I have always appreciated being born of a Puerto Rican mother and an American father. It’s been wonderful to experience and learn from their cultural differences, although I’ve always felt closer to my mother’s side of the family. We spent most of our holidays with them. Their apartment was tiny, yet there was always room for everyone. On the other hand I remember my paternal grandmother often saying of her bigger place, “the house is too small for all of us to fit”.
The level of cariño given by each side of the family was different—let me explain how. My American grandmother’s kisses were always “air kisses”, with her cheek pressed against ours, while my abuelita showered us with besitos and she always gave us her bendición. And her cuentos were the best. They weren’t stories she read out of some book; they were “our” stories, passed on from generation to generation. These life-changing lessons served as examples to us not repeat the same mistakes as our elders, and they taught us to appreciate what we had, instead of focusing on what we lacked in life.
Of the many cuentos my abuelita shared, one that really stuck with me was about her being a young woman enduring difficult times. She had to work in a factory alongside my abuelito. The little money they earned allowed them to eat meat for dinner on Saturdays, as a special treat. Looking up at her face as she told her cuento, I knew she was reliving it. She explained that when she grew older and was able to eat meat regularly, she grew even more appreciative of what she had and better understood her hardships as a young woman.

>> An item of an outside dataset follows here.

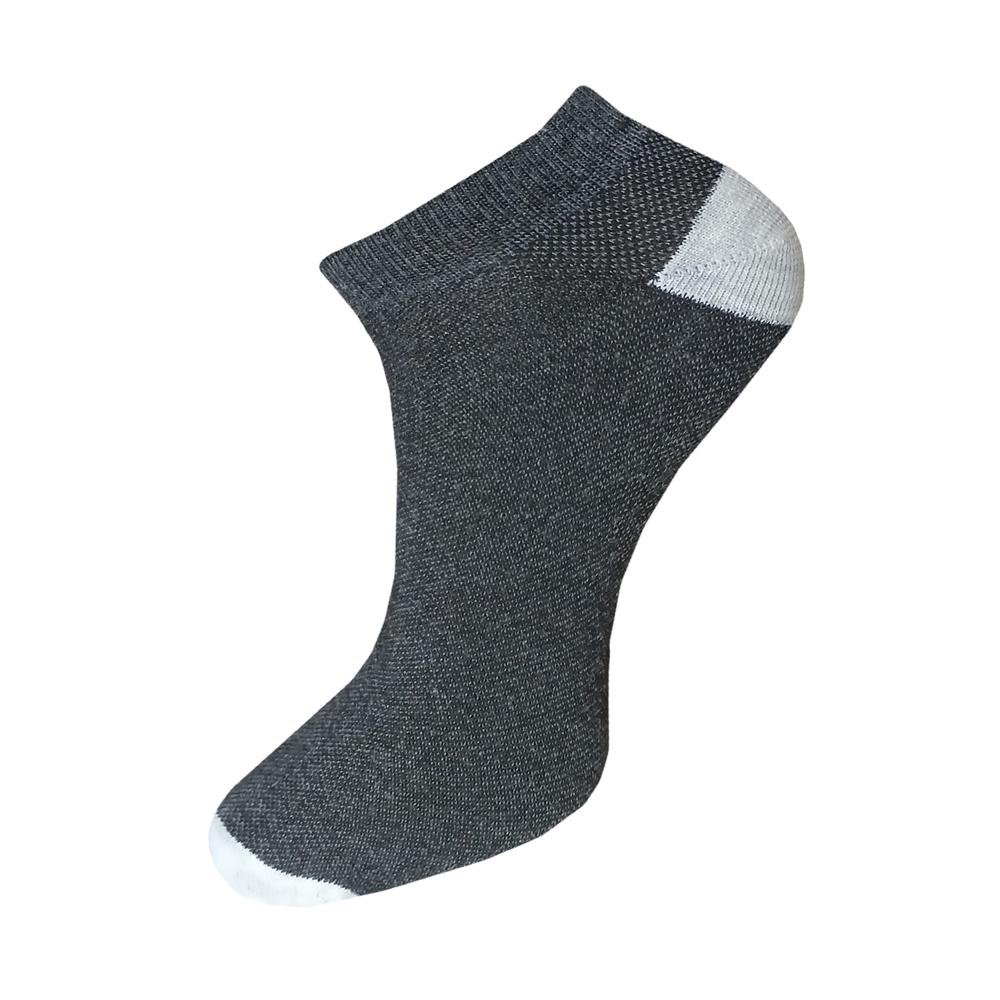 Men Quarter Length Cotton Socks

In her old age, she didn’t take any meal for granted. She would only serve herself the amount she knew she was going to eat. Nothing was ever wasted.
By sharing her life through cuentos, my abuelita’s past became a part of my present. I’ve always been grateful for what I have, but her stories made me realize that I grew up with so many more opportunities than she did. Life wasn’t always so kind to her, but she was a fighter.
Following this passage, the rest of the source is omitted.